Trump official denies he's trying to destroy the CFPB

What you need to know about the CFPB
What you need to know about the CFPB

Mick Mulvaney says he's not trying to destroy the Consumer Financial Protection Bureau, which he once pushed to abolish and now leads.

"I have not burned the place down," Mulvaney, the acting director of the watchdog agency, told a House hearing on Wednesday.

Democrats disagreed, loudly. They repeatedly bashed Mulvaney for defanging the agency.

"You are clearly out to destroy the CFPB — and you really make no bones about it," said Representative David Scott, a Democrat from Georgia.

Representative Carolyn Maloney of New York said: "We have essentially taken the cop off the beat."

Maloney asked Mulvaney to explain how many enforcement actions the CFPB has launched since he took over, amid controversy, last fall.

"We have initiated none," said Mulvaney, who also serves as President Trump's budget director.

Related: 10 years after the crisis, have we learned anything?

He pointed to about 100 investigations under way at the CFPB, and 25 cases being litigated.

"Are you telling me that every single financial institution in America has suddenly snapped into full compliance?" Maloney asked.

Mulvaney insisted that the CFPB continues to supervise financial firms and conduct enforcement actions set in motion before he got there. However, he said "regulation by enforcement is done. We're not doing it anymore."

Republicans on the panel welcomed Mulvaney's efforts to dial back the CFPB and pushed for more to be done to rein in the power of the agency's director.

"I still maintain that the CFPB is the most powerful and unaccountable agency in the history of the republic," said Representative Jeb Hensarling of Texas, the Republican chairman of the House Financial Services Committee.

As a Republican lawmaker, Mulvaney called the CFPB a "joke." He even endorsed abolishing the CFPB, casting it as a renegade regulator that hurts Americans by crippling access to credit.

Related: Is the CFPB really crippling the economy?

The CFPB was created in 2010 by Congress and former President Obama to safeguard Americans from financial predators. The agency rolled out mortgage and payday-lender rules and cracked down on bad behavior by penalizing Citigroup (C), Wells Fargo (WFC) and many other lenders.

Under Mulvaney, the CFPB has reversed course. It has delayed the payday-loan rules, dropped lawsuits against payday lenders and stripped enforcement of fair-lending protections.

Yet there was little evidence that the CFPB's rules were crippling the economy. In reality, America's banks are notching record profits and household debt is at all-time highs. Since the CFPB opened, bank loans to businesses have also risen to all-time highs.

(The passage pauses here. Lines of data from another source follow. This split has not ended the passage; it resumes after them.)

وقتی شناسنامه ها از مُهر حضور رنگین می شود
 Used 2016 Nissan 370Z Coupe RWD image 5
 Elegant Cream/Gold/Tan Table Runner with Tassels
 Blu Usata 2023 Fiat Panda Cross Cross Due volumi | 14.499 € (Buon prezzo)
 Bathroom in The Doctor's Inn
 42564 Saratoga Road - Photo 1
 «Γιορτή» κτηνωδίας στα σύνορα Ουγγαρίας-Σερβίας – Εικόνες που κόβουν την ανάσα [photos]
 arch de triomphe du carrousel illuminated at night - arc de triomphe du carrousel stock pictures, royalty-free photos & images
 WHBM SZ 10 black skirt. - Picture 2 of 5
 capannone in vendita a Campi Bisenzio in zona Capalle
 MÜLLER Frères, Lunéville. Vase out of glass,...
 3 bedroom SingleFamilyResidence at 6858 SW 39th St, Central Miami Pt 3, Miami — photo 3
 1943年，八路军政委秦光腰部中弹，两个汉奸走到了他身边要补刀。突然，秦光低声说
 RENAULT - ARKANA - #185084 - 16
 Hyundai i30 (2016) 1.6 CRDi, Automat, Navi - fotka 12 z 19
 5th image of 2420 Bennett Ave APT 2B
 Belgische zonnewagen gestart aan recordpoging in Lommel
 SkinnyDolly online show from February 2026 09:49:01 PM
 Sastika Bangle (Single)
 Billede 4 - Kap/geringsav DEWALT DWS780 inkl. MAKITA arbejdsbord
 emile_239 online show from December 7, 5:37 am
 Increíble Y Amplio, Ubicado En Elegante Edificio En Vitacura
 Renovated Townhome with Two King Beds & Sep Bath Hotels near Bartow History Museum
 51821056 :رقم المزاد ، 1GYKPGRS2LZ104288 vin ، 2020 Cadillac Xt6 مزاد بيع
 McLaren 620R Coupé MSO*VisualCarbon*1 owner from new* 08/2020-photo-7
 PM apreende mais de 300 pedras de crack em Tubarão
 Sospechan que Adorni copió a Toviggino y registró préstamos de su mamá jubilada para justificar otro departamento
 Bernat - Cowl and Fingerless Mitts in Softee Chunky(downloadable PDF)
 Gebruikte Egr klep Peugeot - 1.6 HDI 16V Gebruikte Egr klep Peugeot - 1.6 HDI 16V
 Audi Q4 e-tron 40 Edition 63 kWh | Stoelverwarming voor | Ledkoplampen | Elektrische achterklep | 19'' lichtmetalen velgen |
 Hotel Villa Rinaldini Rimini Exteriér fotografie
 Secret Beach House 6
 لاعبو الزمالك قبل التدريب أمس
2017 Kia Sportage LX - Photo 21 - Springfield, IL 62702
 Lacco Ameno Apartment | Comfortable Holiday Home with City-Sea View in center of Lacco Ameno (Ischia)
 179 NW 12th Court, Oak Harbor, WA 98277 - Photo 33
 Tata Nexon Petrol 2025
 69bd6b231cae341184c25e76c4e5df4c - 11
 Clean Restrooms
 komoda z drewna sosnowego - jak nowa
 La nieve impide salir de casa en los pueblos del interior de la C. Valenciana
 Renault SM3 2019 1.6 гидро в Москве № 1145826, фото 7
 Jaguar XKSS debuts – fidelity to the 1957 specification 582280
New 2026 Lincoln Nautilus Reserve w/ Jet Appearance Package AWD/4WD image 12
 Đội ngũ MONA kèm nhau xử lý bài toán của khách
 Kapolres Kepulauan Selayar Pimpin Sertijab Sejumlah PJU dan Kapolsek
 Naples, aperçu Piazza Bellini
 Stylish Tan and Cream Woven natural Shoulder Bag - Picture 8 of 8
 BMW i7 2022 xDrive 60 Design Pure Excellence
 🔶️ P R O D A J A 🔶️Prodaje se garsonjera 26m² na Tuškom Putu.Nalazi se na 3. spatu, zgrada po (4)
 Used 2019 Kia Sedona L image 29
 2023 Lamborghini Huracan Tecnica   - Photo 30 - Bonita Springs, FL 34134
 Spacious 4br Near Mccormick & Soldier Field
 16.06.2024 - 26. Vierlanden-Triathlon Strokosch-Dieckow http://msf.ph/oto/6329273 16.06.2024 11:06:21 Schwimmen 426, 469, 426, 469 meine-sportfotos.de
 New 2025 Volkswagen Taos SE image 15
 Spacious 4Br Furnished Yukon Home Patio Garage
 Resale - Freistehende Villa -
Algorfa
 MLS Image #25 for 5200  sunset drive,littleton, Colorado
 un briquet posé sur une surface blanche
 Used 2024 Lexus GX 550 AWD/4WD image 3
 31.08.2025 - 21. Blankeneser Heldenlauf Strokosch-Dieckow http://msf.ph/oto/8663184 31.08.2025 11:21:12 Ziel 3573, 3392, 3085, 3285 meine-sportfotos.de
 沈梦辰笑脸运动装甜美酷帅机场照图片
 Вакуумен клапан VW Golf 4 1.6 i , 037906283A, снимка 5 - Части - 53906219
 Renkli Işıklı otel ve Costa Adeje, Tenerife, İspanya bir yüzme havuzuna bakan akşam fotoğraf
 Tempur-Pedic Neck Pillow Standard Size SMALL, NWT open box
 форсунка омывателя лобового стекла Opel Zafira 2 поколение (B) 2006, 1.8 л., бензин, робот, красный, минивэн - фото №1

Representative Gregory Meeks, a Democrat from New York, accused Mulvaney of becoming acting director just to undermine the agency.

"The best way to get rid of the bureau would be to take it over and get rid of it," Meeks said.

Mulvaney explained that although he wants to reform the CFPB, "I haven't blown the place up."

He also denied rumors that he's eyeing House Speaker Paul Ryan's job when he retires next year.

"I've got two jobs. That's enough for me," Mulvaney said.